▸ **Exercise description**: Return every line below in which "Floor" appears.

----- Records shown

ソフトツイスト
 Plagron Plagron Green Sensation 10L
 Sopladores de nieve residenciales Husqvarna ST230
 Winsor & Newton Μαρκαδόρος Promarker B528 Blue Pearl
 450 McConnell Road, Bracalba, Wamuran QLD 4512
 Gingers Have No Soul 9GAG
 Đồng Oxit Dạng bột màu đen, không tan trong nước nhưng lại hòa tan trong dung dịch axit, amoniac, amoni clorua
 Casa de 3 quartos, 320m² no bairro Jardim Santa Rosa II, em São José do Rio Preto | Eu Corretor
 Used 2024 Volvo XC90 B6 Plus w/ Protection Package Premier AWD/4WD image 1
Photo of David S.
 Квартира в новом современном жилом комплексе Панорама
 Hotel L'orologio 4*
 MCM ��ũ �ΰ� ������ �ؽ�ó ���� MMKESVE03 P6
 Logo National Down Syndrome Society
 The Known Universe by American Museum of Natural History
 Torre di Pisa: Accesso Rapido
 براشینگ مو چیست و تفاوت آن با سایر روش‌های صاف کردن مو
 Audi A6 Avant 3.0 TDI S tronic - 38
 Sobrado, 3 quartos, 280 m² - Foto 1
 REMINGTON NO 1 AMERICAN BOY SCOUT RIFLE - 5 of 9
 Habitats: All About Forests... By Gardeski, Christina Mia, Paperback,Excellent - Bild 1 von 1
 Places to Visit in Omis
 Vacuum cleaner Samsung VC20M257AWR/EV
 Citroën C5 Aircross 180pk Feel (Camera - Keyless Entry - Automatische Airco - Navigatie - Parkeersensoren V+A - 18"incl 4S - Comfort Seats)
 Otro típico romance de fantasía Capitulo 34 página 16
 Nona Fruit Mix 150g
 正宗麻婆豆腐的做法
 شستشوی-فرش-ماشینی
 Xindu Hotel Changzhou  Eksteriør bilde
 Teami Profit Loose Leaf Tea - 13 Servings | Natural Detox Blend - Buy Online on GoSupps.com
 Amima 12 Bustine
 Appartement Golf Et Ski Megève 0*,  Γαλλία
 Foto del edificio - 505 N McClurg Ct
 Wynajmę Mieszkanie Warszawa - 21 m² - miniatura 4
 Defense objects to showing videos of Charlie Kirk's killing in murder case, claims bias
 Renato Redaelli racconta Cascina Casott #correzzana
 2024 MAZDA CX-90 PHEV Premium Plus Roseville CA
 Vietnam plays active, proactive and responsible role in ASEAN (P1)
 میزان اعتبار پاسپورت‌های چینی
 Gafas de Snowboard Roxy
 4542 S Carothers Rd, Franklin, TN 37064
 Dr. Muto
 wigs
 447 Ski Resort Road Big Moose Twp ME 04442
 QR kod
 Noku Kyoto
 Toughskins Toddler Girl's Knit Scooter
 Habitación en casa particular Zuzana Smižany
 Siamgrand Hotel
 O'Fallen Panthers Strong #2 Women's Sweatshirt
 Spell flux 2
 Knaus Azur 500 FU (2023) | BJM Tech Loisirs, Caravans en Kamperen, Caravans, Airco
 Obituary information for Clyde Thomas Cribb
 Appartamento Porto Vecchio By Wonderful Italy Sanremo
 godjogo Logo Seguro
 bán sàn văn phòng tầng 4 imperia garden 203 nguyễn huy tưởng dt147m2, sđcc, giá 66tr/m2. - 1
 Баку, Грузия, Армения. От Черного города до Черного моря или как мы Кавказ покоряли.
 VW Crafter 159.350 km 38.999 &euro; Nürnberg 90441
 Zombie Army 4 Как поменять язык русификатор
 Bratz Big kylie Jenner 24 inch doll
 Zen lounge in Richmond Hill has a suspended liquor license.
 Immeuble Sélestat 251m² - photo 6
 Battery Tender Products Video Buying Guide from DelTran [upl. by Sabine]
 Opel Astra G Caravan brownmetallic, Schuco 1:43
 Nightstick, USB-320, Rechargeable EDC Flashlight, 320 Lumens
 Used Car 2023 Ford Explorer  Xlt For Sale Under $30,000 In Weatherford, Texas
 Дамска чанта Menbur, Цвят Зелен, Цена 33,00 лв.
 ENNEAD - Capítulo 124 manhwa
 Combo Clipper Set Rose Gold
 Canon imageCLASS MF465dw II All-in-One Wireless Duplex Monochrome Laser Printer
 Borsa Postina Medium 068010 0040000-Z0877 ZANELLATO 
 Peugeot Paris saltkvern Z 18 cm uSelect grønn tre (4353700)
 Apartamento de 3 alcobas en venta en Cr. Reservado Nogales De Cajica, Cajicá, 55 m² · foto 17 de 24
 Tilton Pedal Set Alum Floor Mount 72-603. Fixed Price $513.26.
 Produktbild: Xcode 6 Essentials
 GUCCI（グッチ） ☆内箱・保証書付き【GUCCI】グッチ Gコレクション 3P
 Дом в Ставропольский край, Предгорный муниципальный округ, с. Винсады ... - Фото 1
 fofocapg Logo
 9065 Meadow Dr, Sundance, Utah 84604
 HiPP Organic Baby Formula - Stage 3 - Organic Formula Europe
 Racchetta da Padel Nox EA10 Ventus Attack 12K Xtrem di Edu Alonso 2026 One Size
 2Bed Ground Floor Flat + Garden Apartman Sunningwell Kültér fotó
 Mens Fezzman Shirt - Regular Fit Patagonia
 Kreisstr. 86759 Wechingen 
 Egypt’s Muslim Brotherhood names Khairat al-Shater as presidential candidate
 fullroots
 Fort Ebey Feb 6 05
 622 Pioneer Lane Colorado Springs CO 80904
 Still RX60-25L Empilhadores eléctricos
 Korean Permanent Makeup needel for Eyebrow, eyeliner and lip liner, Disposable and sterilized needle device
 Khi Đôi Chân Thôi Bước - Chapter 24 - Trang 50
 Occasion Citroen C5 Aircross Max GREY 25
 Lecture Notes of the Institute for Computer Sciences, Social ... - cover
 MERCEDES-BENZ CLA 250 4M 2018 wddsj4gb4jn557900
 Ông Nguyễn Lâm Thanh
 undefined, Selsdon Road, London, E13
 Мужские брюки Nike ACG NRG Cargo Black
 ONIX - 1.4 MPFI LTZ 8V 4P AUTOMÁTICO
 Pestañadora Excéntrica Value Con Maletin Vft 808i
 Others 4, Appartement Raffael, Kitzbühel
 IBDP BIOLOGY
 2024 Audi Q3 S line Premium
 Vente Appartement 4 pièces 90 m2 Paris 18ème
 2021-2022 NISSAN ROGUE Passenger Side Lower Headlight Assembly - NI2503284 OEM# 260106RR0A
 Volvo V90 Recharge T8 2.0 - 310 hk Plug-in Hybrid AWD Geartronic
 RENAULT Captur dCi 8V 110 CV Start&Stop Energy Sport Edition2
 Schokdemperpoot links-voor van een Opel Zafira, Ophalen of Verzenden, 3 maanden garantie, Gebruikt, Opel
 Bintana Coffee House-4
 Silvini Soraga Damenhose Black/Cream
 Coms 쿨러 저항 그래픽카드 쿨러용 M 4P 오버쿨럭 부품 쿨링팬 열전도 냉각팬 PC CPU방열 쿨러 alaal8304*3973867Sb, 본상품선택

----------

▸ **Written answer**:
 Tilton Pedal Set Alum Floor Mount 72-603. Fixed Price $513.26.
 2Bed Ground Floor Flat + Garden Apartman Sunningwell Kültér fotó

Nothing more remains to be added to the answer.